The inventor of Michelin tires, the Frenchman Andre Michelin, decided in 1900 that he would produce a factual booklet for the few motorists of the time. They began with a blue cover and were given away for free. These booklets included information on where to find the nearest gas station, places for repair, accommodation and places to eat, across the whole of France.
By 1920 the section on eateries had become so popular that inspectors were employed and a 3 category system was introduced. In 1926 the Michelin star was born, followed by both 2 and 3 stars in the early 1930’s. 1931 saw the introduction of a new red cover and a price tag.
The star ratings were put in place to encourage travel, ultimately to wear down tires and thereby fill Mr. Michelin’s pockets.
3 Stars – “Exceptional cuisine worth a special journey”
2 Stars – “Excellent cooking, worth a detour”
1 Star - “A very good restaurant in its category”
In 1955 a further category was introduced the “Bib Gourmand” – “Good meals at moderate prices”. Strangely, this was named after ‘The Michelin Man’ who is called Bibendum.

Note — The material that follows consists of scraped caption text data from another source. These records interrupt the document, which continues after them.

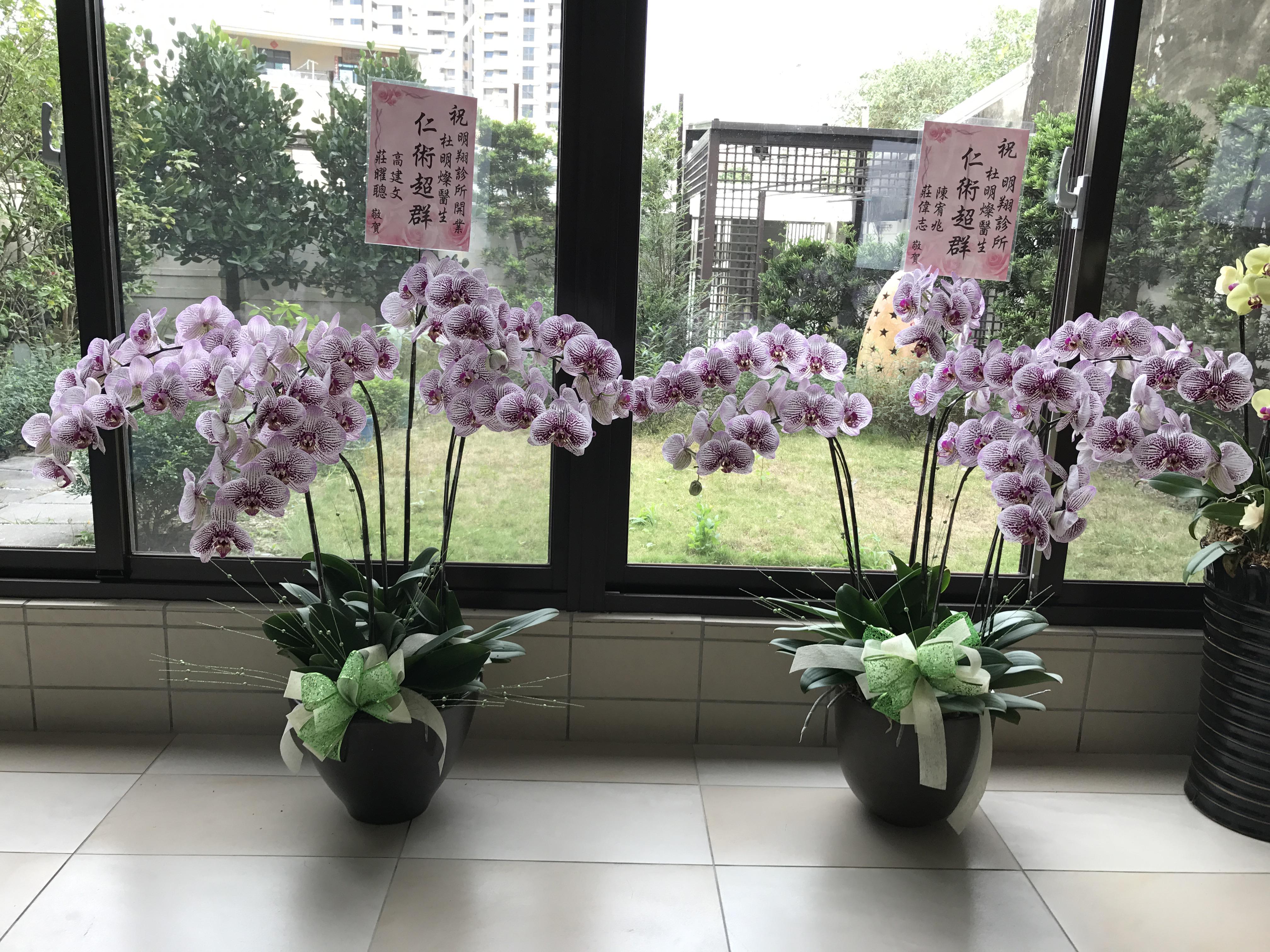 clinic image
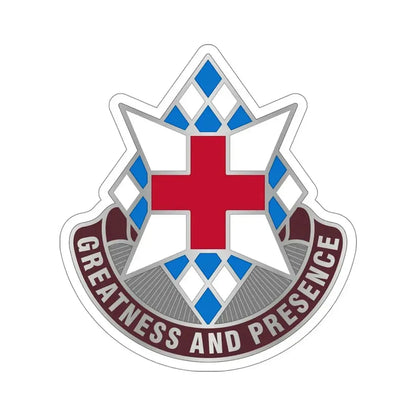 Dental Health Activity Bavaria (U.S. Army) STICKER Vinyl Die-Cut Decal 5 Inch - The Sticker Space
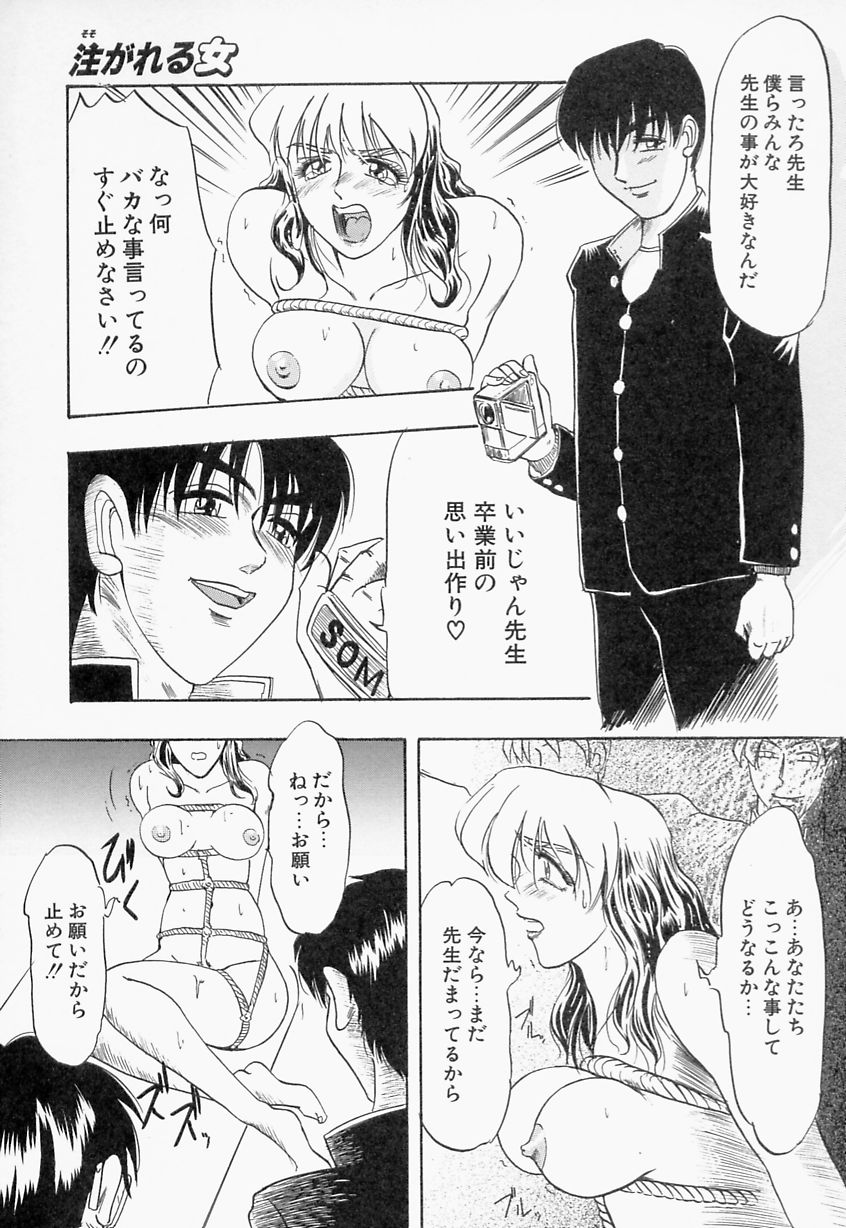 [イデア] 義姉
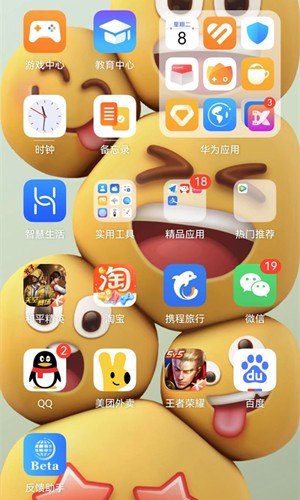 华为心情壁纸app截图4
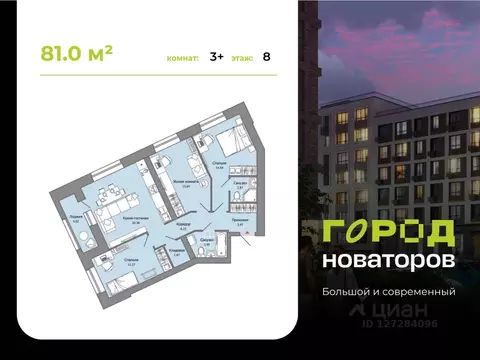 3-к кв. Ульяновская область, Ульяновск Город Новаторов жилой комплекс, ...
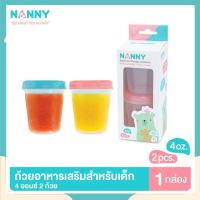 Nanny ถ้วยเก็บอาหารเสริมสำหรับเด็ก ขนาด 5 ออนซ์ จำนวน 2 ถ้วย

Michelins clandestine inspectors roam the world, planning on judging establishments every 18 months on the 5 categories below –
The Quality of the Products
The Mastery of Flavor and Cooking
The ‘Personality’ of the Cuisine
The Value for the Money
The Consistency Between Visits
Now covering 23 countries, the French guide alone has sold over 30 million copies. Tokyo is the city with the most stars in total, a whopping 227 shared amongst 173 restaurants. While Paris has 96 and New York a total of 56 stars. But to put this into perspective Tokyo does have about 160,000 restaurants in the city whereby New York has around 25,000 and Paris a mere 13,000.
Critics of Michelin say that the stars are snobbish and only award formal restaurants specializing in French food. But then over two thirds of Tokyo’s winners serve purely Japanese cuisine. Perhaps those who disparage the accolade of the award of the Michelin star are merely suffering a bad case of ‘sour grapes’. In the extreme, the Michelin stars importance to some can be shown by Chef Bernard Loiseau of La Côte d’Or who on February 24 2003 committed suicide after hearing rumors that Michelin were going to remove one of his restaurant’s three stars.